Black bears are mainly nocturnal, although they can be found abroad most times of the day. Even in these early days before black bear became accustomed to human garbage, they would be found raiding hunters’ camps, particularly in the more remote locations. A camp became a welcome, easy food source, especially when the hunters were away. Theodore Roosevelt wrote of instances in the late 1800s where bears would occasionally visit hunters’ camps “playing havoc and devouring everything edible, specially if sweet, and trampling into a dirty mess whatever they do not eat.”
In my painting the camp residents have momentarily left the pots cooking on the fire but before they can return, an inquisitive bear comes out of the twilight shrouded forest and may well sample the simmering venison."
About The Artist - John Seerey-Lester - Wildlife Artist
With work hanging at the White House and in permanent, private and Museum collections, throughout the world, John Seerey-Lester has become one of the most renowned of today’s wildlife and historic artists.John has had over 400 different limited edition prints produced over the years, which led to him being one of the most sought after artists. John has gained a reputation over the years for producing images with a narrative and which are both mysterious and mystical.

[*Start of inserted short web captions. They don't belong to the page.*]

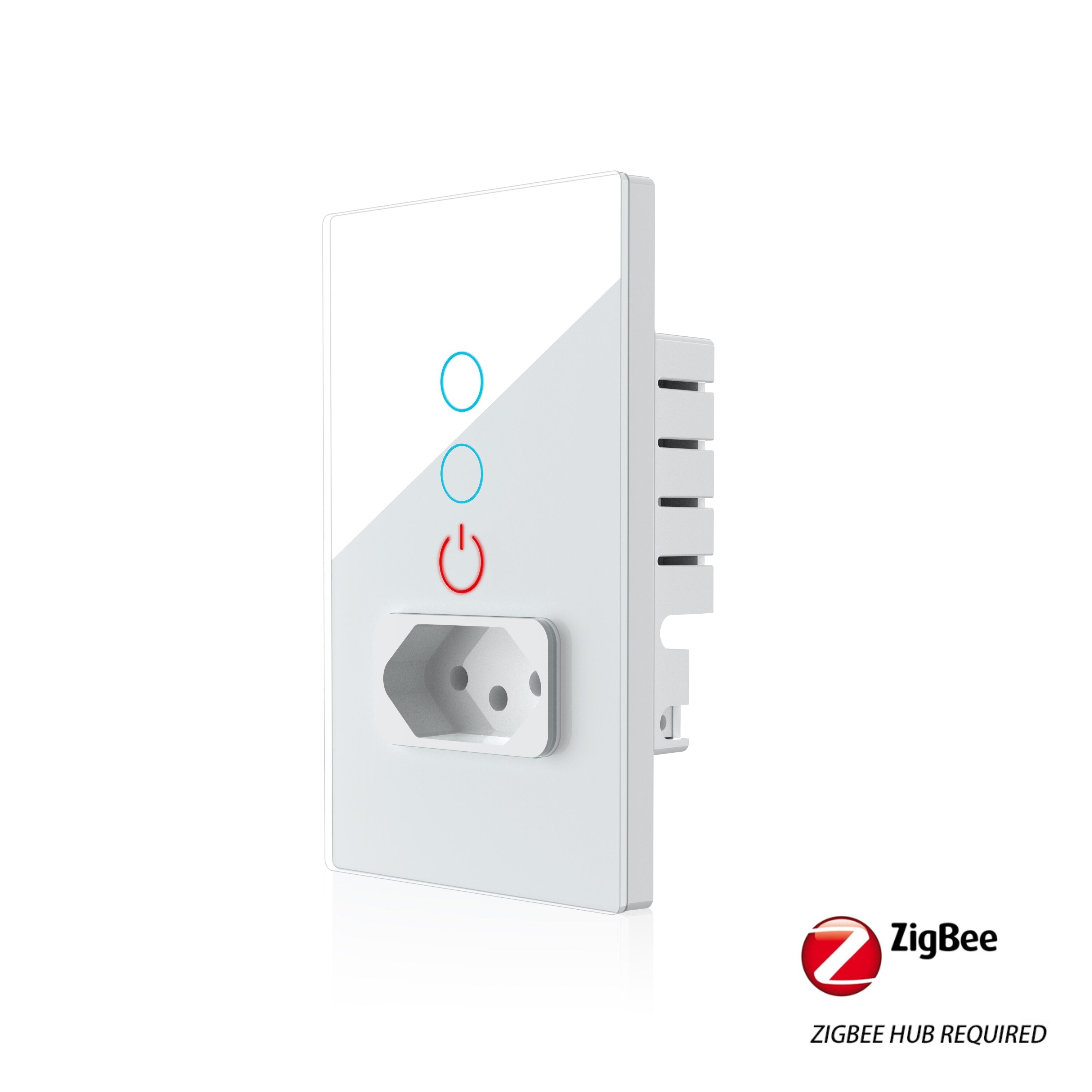 Melery  Zigbee Smart Tuya Brazil Light Switch Wall Socket Electrical Brazilian Plug Brasil Outlet Glass Panel Intelligent Wireless Remote Control by Alexa Google Home-Melery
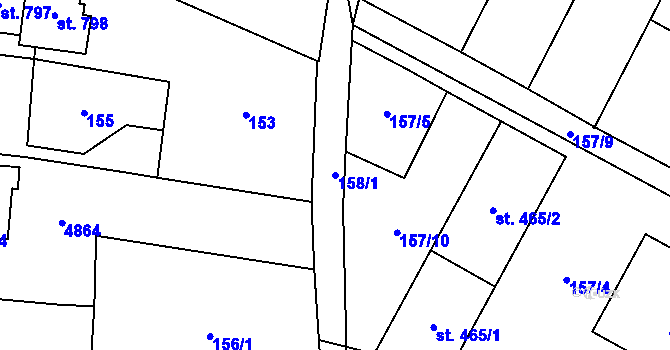 Parcela st. 158/1 v KÚ Kunžak, Katastrální mapa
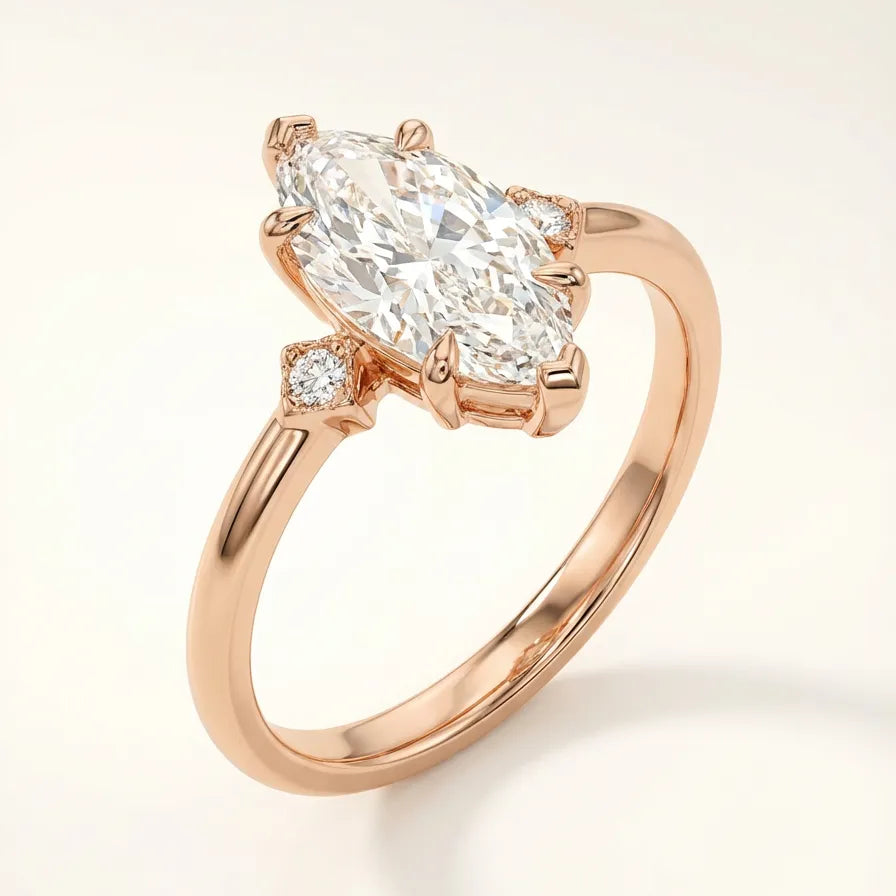 Marquise formos deimantinis žiedas Bianca su 1.5 ct deimantu iš rožinio aukso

He has been chosen to exhibit works in the prestigious Leigh Yawkey Woodson Art Museum’s “Birds in Art” and “Wildlife: An Artist’s View”, shows each year since 1983 and his paintings are in their permanent collection. He has been made Master or Featured Artist for nearly every major wildlife art show over the years. He has also displayed in several other Museums such as the Gilcrease Museum, and National Museum of Wildlife Art, and in many other permanent collections such as Bennington Center for the Arts, and Nature in Art Museum. John is on the board of The Roger Tory Peterson Institute, the Board of Artists for Conservation, and has a regular column in Sporting Classics Magazine.
John and Suzie Seerey-Lester returned from Canada as proud recipients of the prestigious Simon Combes Award for Conservation. The Seerey-Lesters have been involved in raising funds for conservation for over 30 years. John has raised millions of dollars personally to save African and American wildlife and habitat. Both devote a large amount of time every year raising funds for their favorite groups.